■ What is expected: Leaving out all pictures, write out word for word the lines from the one containing "A quiet canal" to the end of the data below.

■ Records to use:
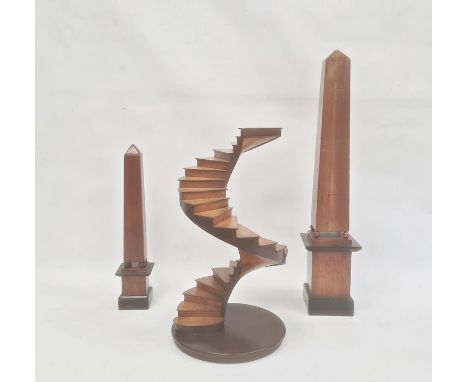 Architectural wooden model of spiral staircase, 36.5cm high and two various wooden obelisksCondition ReportLate 20th century,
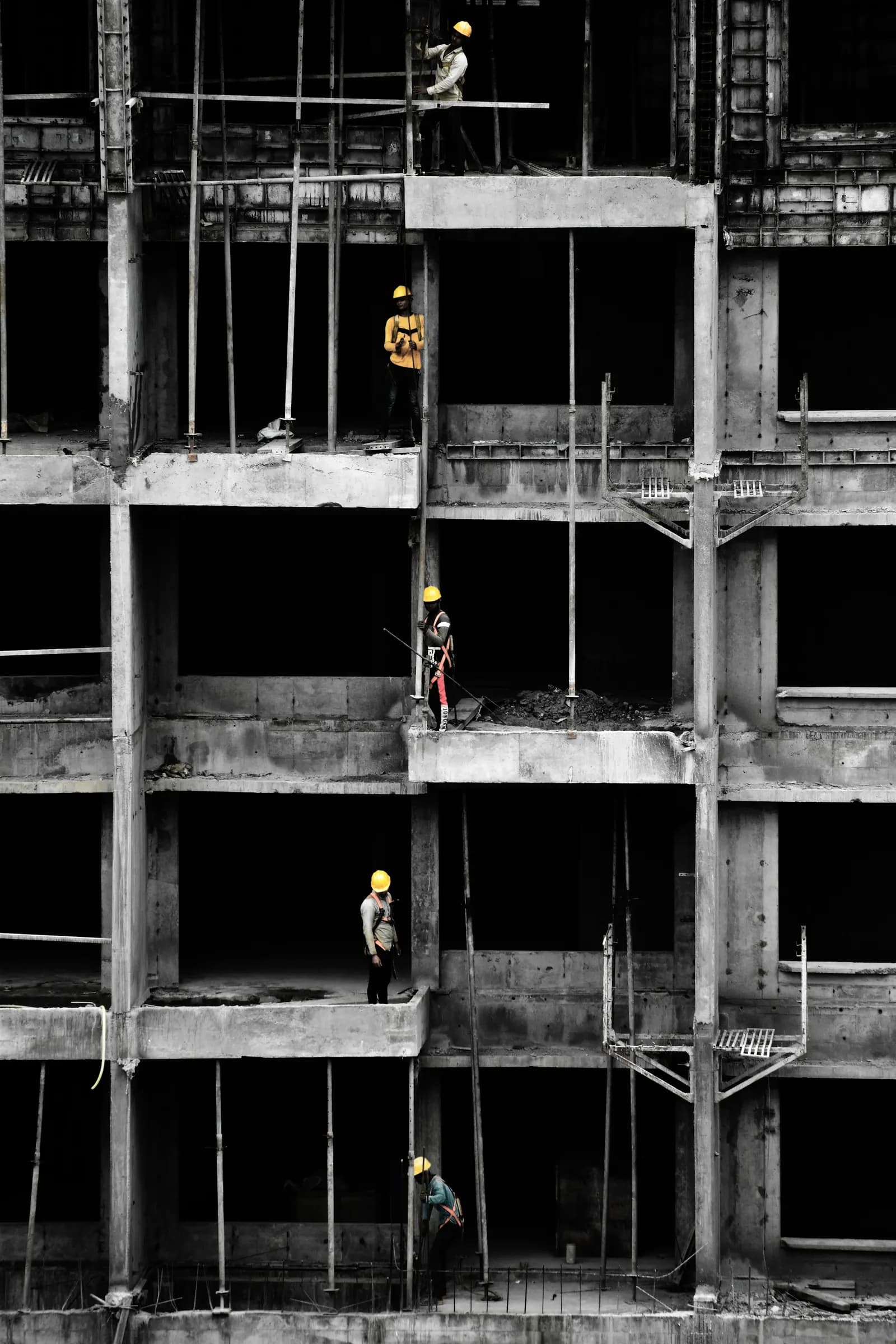 Construction workers standing on the concrete roof of a building under construction in India, in black and white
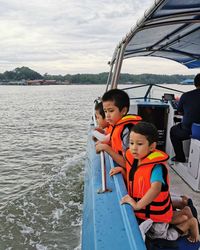 People sitting in boat against sky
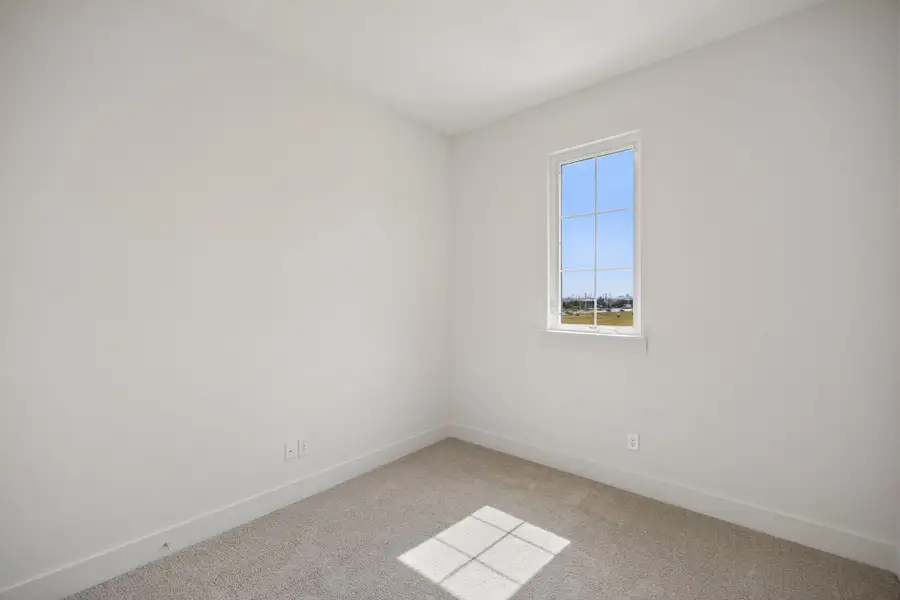 Spacious, unfurnished interior of a new home in Newman Village Townhomes, Frisco (Image 33).
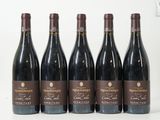 six bouteilles de vin sont alignées sur une table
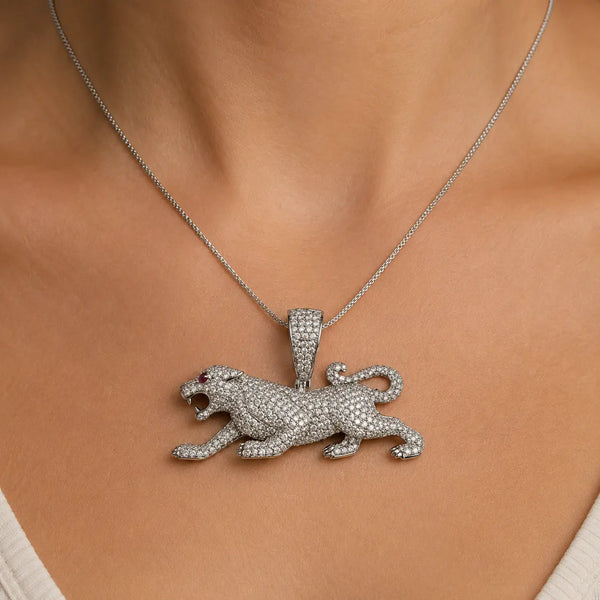 Sterling silver panther pendant with clear pavé CZ worn on a thin chain showing size and fit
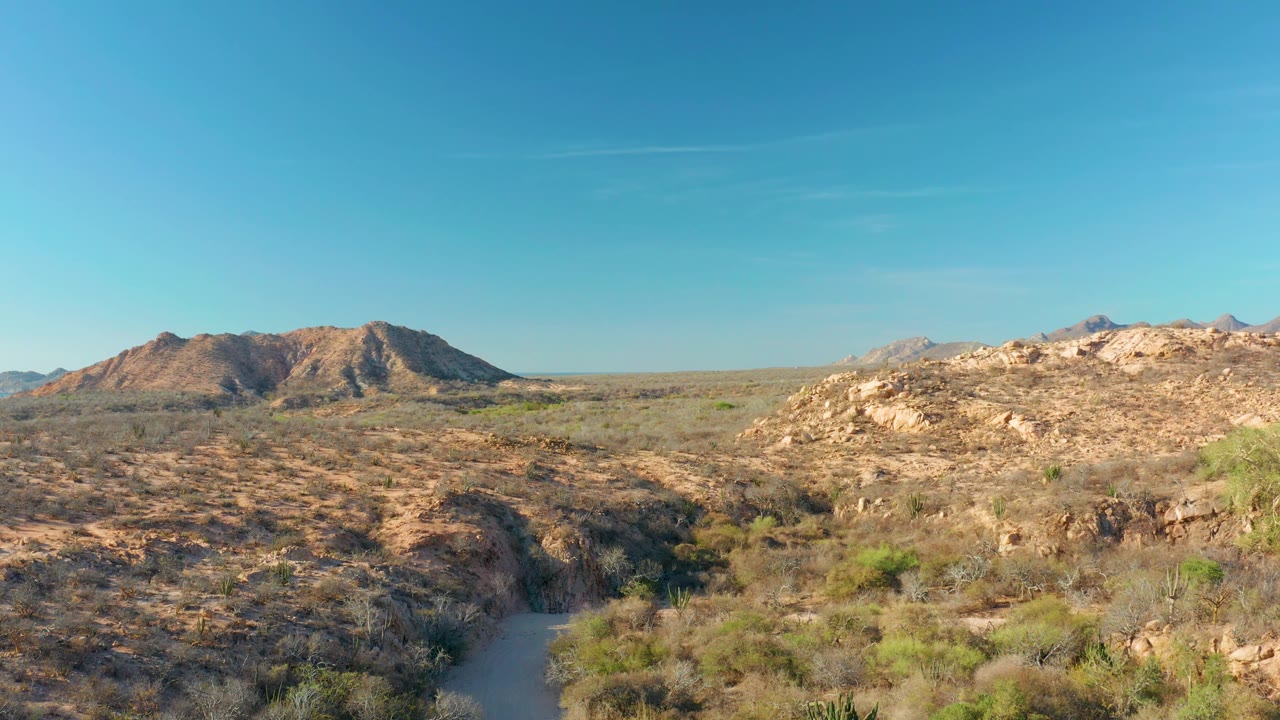 Mid-clip view of the rocky desert wash and scrub near Cabo Pulmo, with brown hills, distant mountains, blue sky, and no visible people.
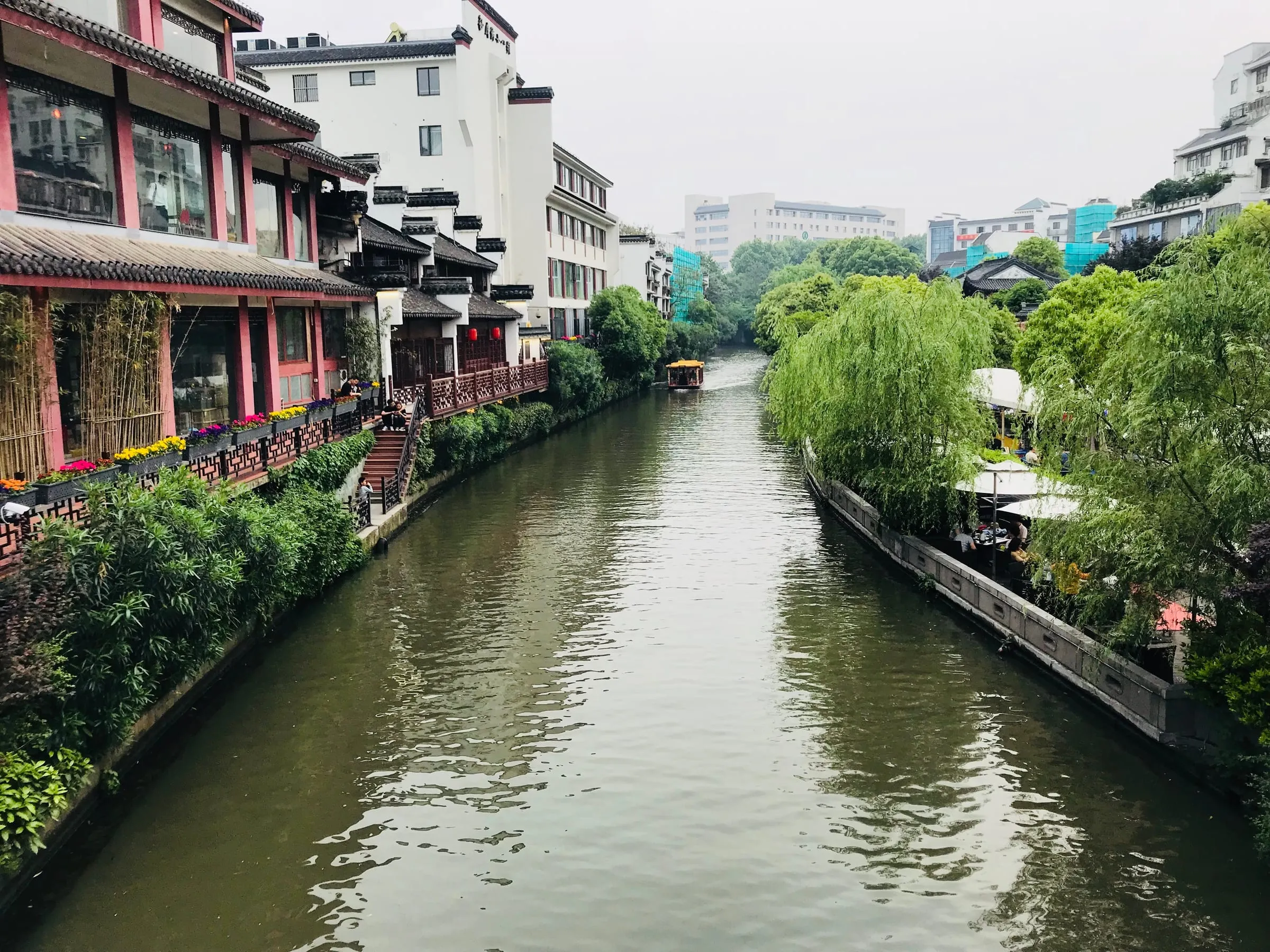 A quiet canal between old white houses and willow trees, the water still and green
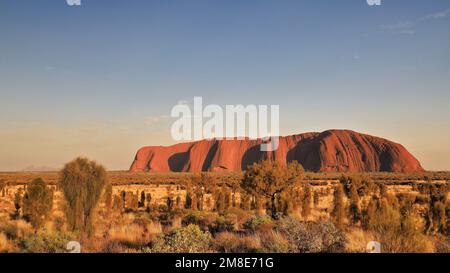 399 View of Uluru-Ayers Rock in the early morning under an almost clear sky. NT-Australia. Stock Photo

■ Written response:
 A quiet canal between old white houses and willow trees, the water still and green
 399 View of Uluru-Ayers Rock in the early morning under an almost clear sky. NT-Australia. Stock Photo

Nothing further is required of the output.